For the attention of Marius Patras from Réal Pelletier. This is to confirm that I never lent money to Huguette Leduc-Pelletier and that there was no interest on the money that I lent to my brother, André Pelletier. The cheques he made out to me were for principal. There were loans of $2,000, $3,000 and $5,000 in cash, plus loans of $20,000, $10,000, and so on.

Réal Pelletier

My brother is two-faced; he is supposedly separated but they are still living together.

[19]          The witness said that he did not remember writing this and that it is not true. He said several times that he often lent money to his brother without charging interest. Subsequently, he said that he had just settled with Revenue Canada with respect to interest that he had collected but not declared.

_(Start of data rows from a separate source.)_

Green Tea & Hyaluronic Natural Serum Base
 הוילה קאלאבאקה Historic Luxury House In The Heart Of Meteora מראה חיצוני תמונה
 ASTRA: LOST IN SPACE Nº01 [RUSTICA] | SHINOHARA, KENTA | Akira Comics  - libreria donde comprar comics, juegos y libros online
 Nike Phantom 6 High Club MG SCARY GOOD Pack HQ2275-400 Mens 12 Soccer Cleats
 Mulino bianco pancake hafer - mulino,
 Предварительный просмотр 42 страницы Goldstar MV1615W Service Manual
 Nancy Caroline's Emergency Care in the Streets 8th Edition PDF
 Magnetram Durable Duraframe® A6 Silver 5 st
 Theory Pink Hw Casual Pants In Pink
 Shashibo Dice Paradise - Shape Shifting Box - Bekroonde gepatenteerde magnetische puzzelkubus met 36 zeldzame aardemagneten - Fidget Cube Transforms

He paid the federal government $263,000. He is waiting to find out how much the penalties will be. After that, Revenu Quebec is going to assess him. He expects that altogether it will cost him $492,000. He said he lent $60,000 to the appellant and her spouse in two instalments of $30,000 each.

[20]          The report of Mr. Patras, inspecting auditor, was filed as Exhibit I-5. According to that report, this is what Réal Pelletier told him on November 19, 1998, concerning the repayment of the loan to his brother:

                [TRANSLATION]

·          He never lent money to Huguette Leduc.

·          His brother, André Pelletier, is approximately 50 years old and has been borrowing money from him since he was eighteen.

·          Réal Pelletier lent money to his brother in amounts of $15,000 or $20,000.

·          He remembers having lent money to his brother for the purchase of a house, for the construction of a cottage and for a restaurant on the outskirts of Mont-Laurier. But he never lent $60,000 at one time.

·          In fact, his brother still owes him approximately $18,000.

·          His brother and the taxpayer are not separated!!! They are living together at Lac Nominingue!!! They say they are separated in order to save on tax and to take advantage of other benefits!!!

·          Réal Pelletier is prepared to appear in court if witnesses are needed!!!

[21]          According to Mr. Patras, neither the appellant nor her accountant proved that the $60,000 in question was used to build the house. The lender spoke only of a cottage or a restaurant. The first accountant did not raise the point that other interest could be deducted. It was the second accountant who did so.

[22]          Exhibit A-5 consists of two bank statements for the periods ending on June 10, 1988, and on July 12, 1988, for an account André Pelletier had with the NBC. The first statement shows a deposit of $30,500 on May 13, 1988. On the second, there is a deposit of $30,000 made on June 17, 1988. Other amounts are also indicated. André Pelletier said that these amounts were expenses incurred in the construction of the house. He did not discuss these documents with Mr. Patras because Mr. Patras had not asked him to produce them.

Analysis

[23]          It was hard to understand the point in issue in this case. If one goes by the Reply, the issue seems to be whether the interest was really paid. The agent for the respondent said that the main point in issue was whether the interest paid on the loan was deductible under subparagraph 20(1)(c)(i) of the Act. According to her, it was not borrowed money used to earn income from property as required by subparagraph 20(1)(c)(i) of the Act. The deduction of the payments to the bank was allowed, but that was an error on the part of Revenue Canada because, she said, those payments are not deductible under that subparagraph. The agent for the respondent also wondered whether the $60,000 loan was in fact taken out for the construction of the spouses' principal residence. She did not deal with the fact that the interest payments were made from a joint account.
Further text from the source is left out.